Set down exact lines only, from the line with "Grid Open-Knit Shirt" through the last line of the material below, with every picture left out.
* * *
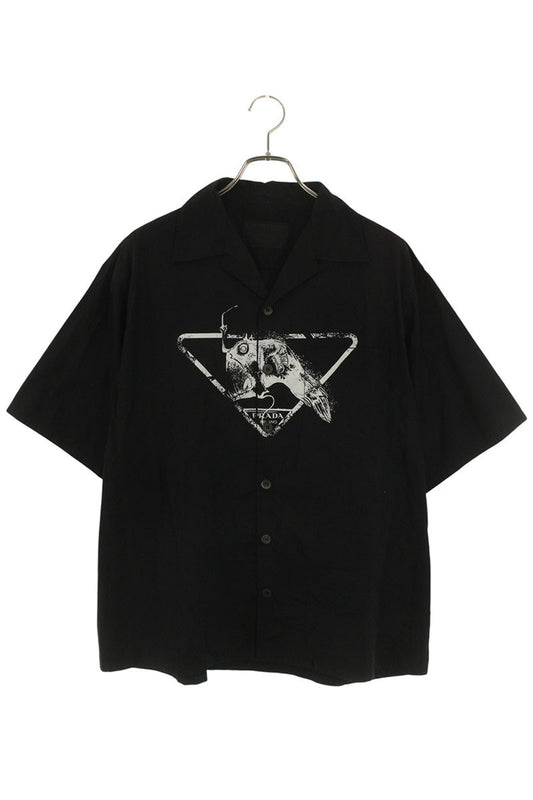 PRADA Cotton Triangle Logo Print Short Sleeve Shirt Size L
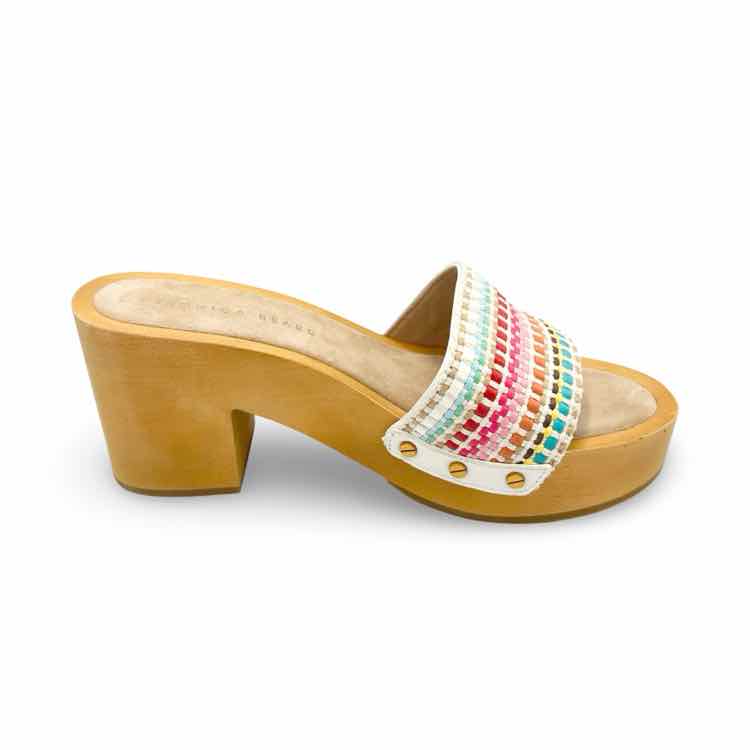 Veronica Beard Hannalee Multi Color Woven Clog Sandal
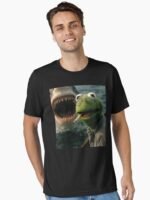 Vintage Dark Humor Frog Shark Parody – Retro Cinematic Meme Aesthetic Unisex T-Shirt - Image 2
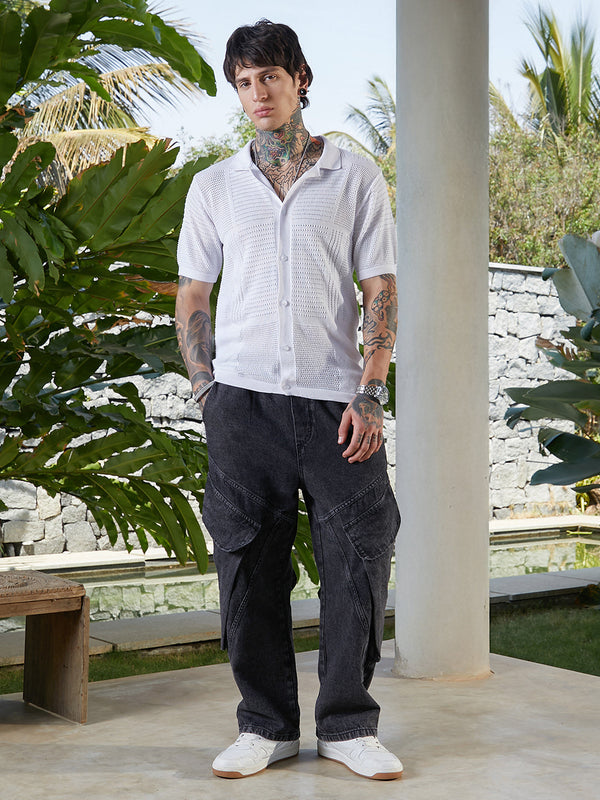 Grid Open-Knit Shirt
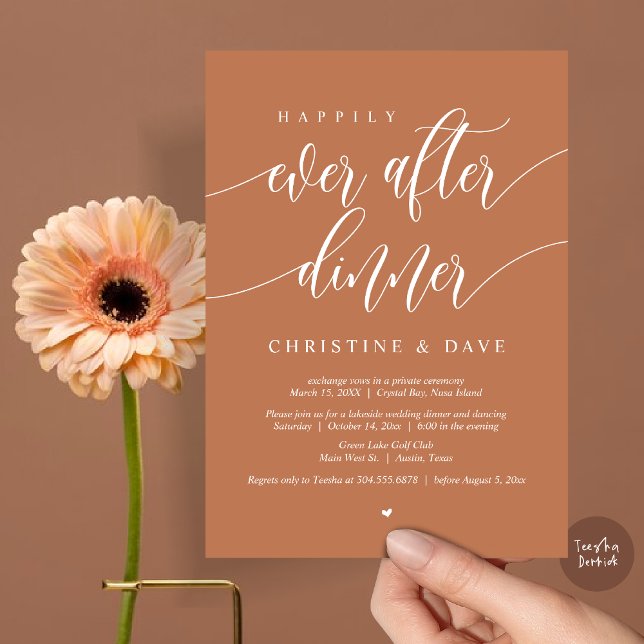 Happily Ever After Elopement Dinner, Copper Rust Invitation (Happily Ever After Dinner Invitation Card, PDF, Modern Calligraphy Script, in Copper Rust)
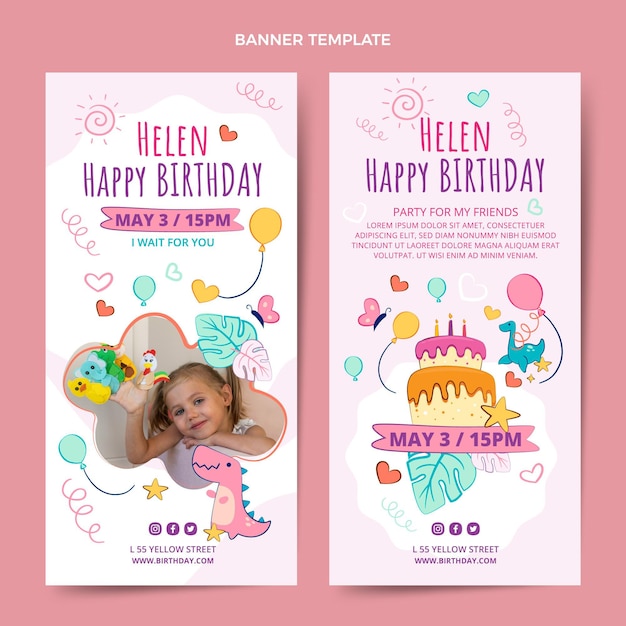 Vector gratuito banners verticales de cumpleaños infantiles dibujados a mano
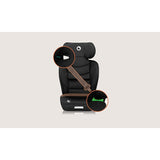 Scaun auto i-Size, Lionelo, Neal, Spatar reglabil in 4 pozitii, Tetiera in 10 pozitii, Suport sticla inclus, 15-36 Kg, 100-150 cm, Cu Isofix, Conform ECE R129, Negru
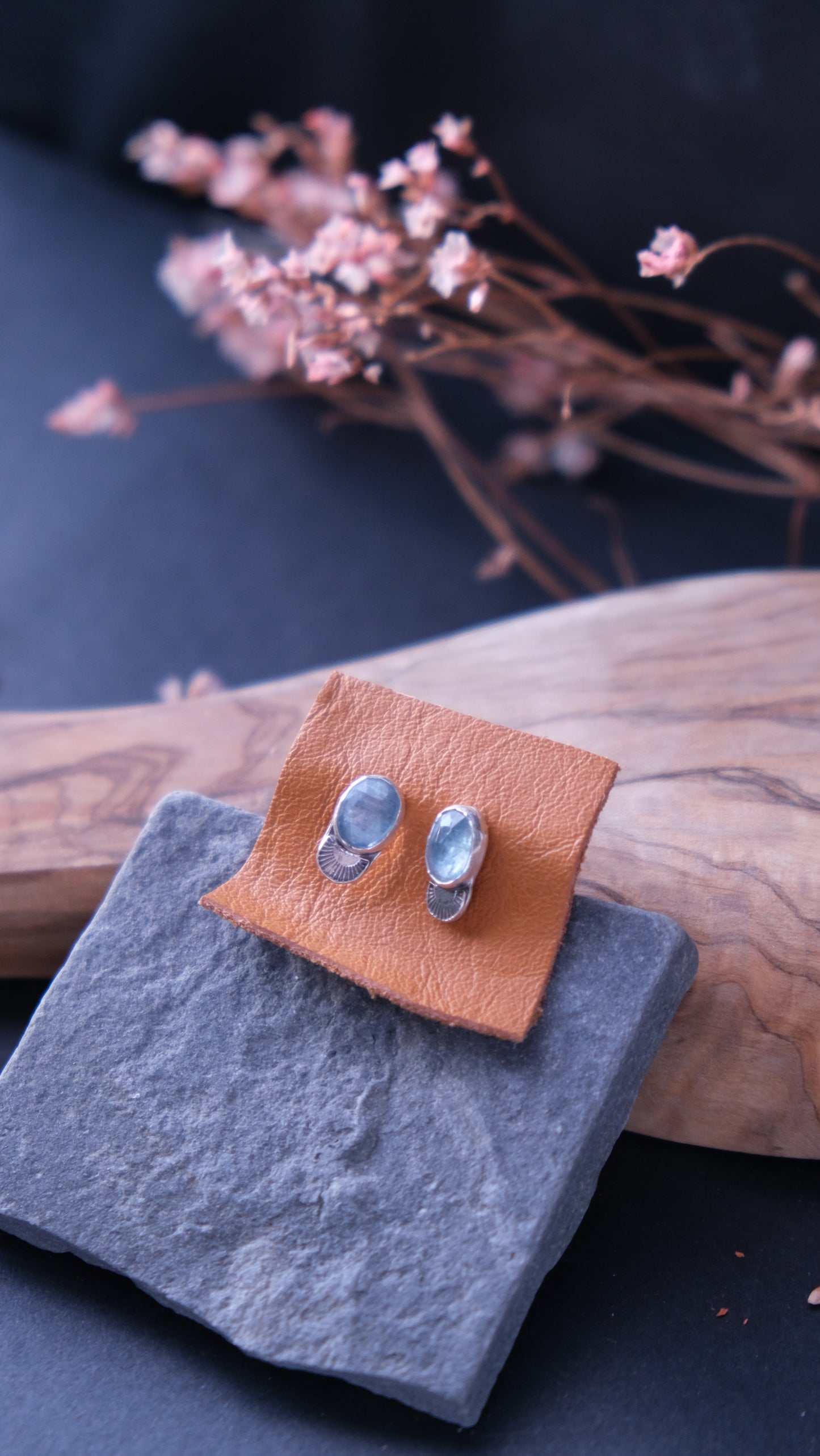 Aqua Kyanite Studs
* * *
**Answer to the exercise**
 Grid Open-Knit Shirt
 Happily Ever After Elopement Dinner, Copper Rust Invitation (Happily Ever After Dinner Invitation Card, PDF, Modern Calligraphy Script, in Copper Rust)
 Vector gratuito banners verticales de cumpleaños infantiles dibujados a mano
 Scaun auto i-Size, Lionelo, Neal, Spatar reglabil in 4 pozitii, Tetiera in 10 pozitii, Suport sticla inclus, 15-36 Kg, 100-150 cm, Cu Isofix, Conform ECE R129, Negru
 Aqua Kyanite Studs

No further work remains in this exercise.